Lines in the records below that contain the word "Kids" must each be copied.

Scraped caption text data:
:::

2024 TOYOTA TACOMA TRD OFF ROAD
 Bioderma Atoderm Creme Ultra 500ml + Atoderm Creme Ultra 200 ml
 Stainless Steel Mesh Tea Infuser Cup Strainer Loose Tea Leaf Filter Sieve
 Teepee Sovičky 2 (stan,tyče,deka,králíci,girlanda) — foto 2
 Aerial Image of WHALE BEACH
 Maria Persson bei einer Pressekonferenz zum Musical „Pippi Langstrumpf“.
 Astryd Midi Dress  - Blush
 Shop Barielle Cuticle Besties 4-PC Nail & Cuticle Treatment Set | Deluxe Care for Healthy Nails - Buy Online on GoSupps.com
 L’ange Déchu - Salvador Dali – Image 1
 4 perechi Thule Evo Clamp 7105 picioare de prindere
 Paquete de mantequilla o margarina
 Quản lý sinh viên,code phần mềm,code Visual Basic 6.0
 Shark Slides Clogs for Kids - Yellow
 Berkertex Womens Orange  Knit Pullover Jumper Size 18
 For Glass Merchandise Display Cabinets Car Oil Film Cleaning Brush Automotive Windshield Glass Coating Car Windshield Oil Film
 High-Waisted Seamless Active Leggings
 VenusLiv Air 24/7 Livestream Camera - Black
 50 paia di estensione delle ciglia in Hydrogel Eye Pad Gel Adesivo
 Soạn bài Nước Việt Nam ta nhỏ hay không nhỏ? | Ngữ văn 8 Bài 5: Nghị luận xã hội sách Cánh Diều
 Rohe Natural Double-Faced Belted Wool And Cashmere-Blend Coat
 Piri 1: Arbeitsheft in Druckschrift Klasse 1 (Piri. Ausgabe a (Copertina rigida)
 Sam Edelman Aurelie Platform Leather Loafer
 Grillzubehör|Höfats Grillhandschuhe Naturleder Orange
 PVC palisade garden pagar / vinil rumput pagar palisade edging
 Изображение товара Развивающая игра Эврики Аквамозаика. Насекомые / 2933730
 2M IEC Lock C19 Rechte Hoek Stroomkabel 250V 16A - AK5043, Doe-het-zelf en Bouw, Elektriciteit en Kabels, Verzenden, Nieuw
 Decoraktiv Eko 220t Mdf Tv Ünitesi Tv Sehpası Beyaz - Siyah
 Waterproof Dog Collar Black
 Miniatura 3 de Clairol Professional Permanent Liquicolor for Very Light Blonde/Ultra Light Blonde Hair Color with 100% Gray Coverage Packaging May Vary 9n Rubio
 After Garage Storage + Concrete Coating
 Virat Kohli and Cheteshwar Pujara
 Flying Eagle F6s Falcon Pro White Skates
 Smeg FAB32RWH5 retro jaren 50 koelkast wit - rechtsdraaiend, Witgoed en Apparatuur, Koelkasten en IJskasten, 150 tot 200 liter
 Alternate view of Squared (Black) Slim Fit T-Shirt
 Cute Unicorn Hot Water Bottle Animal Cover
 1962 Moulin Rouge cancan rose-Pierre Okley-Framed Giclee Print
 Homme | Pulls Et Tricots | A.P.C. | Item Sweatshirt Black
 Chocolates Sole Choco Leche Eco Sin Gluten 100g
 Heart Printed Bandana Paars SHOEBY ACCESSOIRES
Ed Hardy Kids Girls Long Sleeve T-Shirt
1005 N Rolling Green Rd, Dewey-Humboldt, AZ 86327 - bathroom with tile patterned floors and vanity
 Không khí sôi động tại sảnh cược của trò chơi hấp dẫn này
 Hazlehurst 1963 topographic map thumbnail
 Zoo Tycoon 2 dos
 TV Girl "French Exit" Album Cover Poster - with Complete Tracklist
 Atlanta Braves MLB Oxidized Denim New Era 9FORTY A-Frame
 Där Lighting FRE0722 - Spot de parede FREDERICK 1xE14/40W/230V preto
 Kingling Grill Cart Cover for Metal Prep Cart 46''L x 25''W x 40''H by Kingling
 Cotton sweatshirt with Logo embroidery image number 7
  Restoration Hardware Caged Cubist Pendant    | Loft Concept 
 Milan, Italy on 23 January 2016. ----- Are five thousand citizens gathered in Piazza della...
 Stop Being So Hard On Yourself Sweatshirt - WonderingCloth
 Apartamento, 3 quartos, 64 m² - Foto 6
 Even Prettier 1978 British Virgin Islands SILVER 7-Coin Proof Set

:::

Solution:
 Shark Slides Clogs for Kids - Yellow
Ed Hardy Kids Girls Long Sleeve T-Shirt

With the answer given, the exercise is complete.